Harsha Razdan’s transformative decisions, client-focused approach, and growth vision


Harsha Razdan took charge as CEO of South Asia at Dentsu almost six months ago, with a primary focus on bringing stability to the team. In this freewheeling chat with Adgully, Razdan says that his key priorities include realigning focus on clients, understanding the talent within Dentsu, and leveraging existing strengths for future success. One significant decision was the introduction of a ‘Net Promoter Score’ (NPS) to measure client satisfaction and foster a client-oriented mindset. Razdan emphasises on the importance of a client-focused mindset and the need to expand feedback beyond external clients to internal clients as well. He positions the company at the crossroads of marketing and technology, aiming to achieve 50% of revenue from Customer Experience (CX) by 2026. Regarding Dentsu India’s performance, Razdan mentions setbacks, but notes significant gains in the media and creative space. He outlines plans to strengthen current services, while expanding into new domains for a more comprehensive portfolio. Excerpts from the interview:

It’s been almost six months since you took charge as CEO of South Asia, Dentsu. What have been the key developments during this period and what were your major decisions in this period?

My primary focus at Dentsu was to bring stability and address leadership gaps. My initial goal was to convey that I’m here to listen and address concerns. The second priority involved realigning our focus on clients to overcome diverse internal perceptions. The third task was understanding and leveraging our existing talent for future endeavours.

A significant decision I made was to instill a client-oriented mindset within Dentsu by introducing the ‘Net Promoter Score’ (NPS). This score, ranging from one to ten, provides valuable insights into client perceptions. By collecting and analyzing NPS across various clients, we gain a comprehensive view. This shift towards a client-focused approach has been a key strategic move.

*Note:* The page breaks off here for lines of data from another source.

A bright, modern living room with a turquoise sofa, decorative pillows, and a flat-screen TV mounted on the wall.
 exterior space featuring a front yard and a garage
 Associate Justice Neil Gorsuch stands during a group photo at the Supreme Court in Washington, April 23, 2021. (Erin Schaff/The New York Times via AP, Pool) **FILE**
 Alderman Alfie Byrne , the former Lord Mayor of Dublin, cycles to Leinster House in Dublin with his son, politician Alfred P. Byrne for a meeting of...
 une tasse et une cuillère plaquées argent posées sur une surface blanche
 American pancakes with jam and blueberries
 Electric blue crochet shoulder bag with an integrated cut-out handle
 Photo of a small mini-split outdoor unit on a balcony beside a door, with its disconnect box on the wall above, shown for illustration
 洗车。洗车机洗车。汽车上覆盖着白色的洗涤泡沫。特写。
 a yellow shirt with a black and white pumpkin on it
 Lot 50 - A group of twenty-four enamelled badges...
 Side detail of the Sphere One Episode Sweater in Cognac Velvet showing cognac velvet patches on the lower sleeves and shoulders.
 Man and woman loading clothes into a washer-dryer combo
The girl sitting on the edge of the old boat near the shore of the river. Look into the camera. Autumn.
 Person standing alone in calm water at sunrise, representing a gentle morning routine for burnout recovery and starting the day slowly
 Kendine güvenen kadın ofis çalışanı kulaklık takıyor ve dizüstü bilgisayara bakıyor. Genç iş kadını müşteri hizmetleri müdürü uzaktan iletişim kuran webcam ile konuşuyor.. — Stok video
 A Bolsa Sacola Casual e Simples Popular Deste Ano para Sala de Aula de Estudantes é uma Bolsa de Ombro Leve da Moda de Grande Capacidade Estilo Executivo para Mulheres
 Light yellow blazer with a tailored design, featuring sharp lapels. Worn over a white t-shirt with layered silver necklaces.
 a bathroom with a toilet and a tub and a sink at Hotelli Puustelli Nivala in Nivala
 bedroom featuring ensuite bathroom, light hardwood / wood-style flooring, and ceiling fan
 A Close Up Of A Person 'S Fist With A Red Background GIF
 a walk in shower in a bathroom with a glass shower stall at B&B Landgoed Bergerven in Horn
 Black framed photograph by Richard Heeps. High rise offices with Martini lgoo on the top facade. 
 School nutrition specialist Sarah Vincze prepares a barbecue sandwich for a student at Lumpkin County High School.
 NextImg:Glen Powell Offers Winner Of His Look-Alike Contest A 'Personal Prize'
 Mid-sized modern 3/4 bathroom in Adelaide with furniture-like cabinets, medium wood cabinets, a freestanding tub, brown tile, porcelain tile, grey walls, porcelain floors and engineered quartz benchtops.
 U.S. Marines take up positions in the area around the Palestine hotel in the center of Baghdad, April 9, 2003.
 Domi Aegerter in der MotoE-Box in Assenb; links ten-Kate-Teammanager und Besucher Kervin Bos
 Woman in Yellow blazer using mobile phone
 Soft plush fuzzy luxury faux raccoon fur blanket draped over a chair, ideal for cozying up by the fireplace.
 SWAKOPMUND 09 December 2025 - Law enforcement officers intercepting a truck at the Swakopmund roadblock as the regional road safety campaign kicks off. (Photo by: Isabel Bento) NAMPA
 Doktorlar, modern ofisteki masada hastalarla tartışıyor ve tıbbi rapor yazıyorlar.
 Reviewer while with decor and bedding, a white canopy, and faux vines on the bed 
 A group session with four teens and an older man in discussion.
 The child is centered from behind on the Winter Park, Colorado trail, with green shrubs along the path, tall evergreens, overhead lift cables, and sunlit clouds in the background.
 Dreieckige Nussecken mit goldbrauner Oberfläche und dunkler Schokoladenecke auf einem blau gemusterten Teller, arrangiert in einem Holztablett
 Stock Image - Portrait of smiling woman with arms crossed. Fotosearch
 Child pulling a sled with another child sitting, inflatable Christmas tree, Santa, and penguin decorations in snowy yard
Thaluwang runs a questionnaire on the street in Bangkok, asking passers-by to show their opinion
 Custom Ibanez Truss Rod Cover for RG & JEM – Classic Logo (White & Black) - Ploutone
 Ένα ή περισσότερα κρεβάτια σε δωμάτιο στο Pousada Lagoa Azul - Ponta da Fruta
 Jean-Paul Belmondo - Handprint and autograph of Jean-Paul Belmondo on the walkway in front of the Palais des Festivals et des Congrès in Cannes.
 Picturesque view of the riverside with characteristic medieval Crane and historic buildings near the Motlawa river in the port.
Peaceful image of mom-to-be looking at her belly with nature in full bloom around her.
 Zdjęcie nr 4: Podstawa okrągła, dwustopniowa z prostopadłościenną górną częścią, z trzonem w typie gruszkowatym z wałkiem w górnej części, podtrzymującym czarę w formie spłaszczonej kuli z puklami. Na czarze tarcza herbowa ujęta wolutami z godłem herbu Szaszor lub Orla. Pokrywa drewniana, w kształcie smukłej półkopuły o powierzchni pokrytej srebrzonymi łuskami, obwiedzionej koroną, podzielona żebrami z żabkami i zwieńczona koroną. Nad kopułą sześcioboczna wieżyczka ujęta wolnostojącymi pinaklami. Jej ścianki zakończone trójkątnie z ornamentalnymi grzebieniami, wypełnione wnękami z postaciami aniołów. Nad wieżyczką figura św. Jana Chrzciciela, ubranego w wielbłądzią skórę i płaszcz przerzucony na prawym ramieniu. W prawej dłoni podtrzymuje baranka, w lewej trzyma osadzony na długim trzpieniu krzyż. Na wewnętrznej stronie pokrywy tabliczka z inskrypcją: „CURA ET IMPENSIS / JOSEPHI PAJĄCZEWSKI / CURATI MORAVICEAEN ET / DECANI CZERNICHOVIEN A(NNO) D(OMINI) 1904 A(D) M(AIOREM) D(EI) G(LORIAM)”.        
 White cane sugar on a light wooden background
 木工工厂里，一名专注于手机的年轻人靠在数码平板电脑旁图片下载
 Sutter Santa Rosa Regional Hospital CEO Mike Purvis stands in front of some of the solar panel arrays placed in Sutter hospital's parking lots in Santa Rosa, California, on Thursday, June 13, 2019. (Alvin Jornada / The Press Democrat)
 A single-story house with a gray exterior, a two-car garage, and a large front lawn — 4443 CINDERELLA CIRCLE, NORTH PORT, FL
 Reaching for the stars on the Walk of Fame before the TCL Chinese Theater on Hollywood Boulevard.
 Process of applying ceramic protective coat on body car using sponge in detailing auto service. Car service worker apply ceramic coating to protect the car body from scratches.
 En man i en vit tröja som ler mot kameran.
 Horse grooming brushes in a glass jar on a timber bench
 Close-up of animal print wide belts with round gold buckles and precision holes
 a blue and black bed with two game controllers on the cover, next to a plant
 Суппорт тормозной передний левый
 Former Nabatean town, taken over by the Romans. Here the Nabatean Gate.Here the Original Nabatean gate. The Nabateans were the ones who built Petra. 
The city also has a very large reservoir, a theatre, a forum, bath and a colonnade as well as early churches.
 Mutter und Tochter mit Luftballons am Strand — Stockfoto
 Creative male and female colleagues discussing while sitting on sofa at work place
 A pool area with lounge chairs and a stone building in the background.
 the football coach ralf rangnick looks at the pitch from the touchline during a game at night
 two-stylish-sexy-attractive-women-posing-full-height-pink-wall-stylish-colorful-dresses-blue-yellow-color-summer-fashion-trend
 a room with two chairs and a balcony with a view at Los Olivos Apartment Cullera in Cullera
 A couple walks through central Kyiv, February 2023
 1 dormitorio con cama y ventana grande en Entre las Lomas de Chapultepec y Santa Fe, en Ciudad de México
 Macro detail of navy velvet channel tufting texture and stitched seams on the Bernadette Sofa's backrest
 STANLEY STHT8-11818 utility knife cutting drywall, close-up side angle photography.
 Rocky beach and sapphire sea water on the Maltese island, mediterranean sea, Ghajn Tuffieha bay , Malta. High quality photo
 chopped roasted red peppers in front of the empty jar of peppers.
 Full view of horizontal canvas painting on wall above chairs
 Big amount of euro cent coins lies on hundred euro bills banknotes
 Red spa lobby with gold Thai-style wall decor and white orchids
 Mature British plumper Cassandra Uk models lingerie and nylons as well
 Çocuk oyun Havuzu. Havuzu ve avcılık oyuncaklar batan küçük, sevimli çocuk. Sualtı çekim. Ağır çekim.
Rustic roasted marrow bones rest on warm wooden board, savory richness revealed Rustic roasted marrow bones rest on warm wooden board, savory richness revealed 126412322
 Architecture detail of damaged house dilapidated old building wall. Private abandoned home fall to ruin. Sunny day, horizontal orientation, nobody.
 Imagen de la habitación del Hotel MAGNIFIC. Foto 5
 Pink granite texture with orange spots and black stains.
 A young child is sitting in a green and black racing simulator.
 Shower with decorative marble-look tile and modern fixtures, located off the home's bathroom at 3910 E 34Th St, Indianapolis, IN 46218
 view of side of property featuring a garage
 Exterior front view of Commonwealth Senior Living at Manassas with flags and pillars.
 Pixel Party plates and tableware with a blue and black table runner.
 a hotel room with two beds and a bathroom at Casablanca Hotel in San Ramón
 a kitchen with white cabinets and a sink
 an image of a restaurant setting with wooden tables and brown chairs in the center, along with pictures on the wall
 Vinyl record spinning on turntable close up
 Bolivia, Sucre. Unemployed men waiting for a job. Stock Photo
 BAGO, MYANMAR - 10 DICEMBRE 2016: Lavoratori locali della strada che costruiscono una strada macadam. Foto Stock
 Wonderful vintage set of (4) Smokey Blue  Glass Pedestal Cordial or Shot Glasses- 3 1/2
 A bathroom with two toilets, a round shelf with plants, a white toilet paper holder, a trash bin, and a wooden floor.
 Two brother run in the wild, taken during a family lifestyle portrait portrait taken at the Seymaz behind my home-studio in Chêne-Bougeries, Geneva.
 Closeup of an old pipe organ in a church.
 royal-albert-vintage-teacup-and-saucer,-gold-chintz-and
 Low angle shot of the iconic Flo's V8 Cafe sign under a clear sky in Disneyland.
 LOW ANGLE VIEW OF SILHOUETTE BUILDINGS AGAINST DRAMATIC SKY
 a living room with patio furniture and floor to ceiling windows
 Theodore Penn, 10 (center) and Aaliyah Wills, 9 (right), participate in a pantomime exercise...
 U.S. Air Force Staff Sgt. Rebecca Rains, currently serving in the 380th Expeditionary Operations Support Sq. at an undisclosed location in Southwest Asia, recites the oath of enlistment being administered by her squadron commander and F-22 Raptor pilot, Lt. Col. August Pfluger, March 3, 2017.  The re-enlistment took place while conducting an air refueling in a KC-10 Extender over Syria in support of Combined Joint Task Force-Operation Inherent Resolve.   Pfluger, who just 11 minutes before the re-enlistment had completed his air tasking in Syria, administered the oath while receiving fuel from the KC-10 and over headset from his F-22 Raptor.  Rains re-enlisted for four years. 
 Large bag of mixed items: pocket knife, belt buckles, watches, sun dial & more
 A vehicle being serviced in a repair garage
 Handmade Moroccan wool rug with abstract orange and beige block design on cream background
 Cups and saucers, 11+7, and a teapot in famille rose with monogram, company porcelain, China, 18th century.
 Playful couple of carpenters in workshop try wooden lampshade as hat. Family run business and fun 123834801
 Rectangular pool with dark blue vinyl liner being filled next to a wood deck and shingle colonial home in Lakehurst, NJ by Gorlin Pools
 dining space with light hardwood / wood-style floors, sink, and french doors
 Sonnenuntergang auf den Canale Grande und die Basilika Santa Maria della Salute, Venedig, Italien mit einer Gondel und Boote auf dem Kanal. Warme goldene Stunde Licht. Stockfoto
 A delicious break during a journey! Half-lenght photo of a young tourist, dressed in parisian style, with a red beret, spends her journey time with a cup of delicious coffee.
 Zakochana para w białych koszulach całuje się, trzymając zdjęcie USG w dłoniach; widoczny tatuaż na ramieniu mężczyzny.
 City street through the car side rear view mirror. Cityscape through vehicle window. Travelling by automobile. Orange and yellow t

To expand client feedback, I introduced a broader set of clients for NPS evaluation. Emphasising this score as a critical self-evaluation metric, the goal was to gauge performance based on client feedback, both internal and external. The NPS served as a leading indicator of our company’s trajectory.

This approach uncovered instances where internal functions received low scores, prompting a re-evaluation of strategies to align efforts with actual business impact. I extended the use of metrics to various business functions within our company, such as the creative and media teams. The goal was to instill a client-focused mindset across the organization and dispel the perception of perfection.

We are used to a different way of working as far as agency is concerned or even other metrics are concerned within the organisation. Did you find it difficult when you tried to impose these kinds of parameters for somebody’s evaluation and reach a common objective?

In the first one or two months, people struggled to understand my approach because there was a general sense that everyone was already doing a perfect job. However, as we engaged with individuals, they began to see the logic behind it. The idea was simple: in a teamwork scenario, mutual feedback is crucial. If I don’t rate you and you don’t rate me, despite feeling individually successful, our collaboration suffers. The metric had to be a collective, anonymous evaluation from the entire team to build trust. This became evident when individuals, who believed they were excelling within their teams, received lower scores from the entire company. This discrepancy prompted a realisation that there might be significant issues that needed addressing.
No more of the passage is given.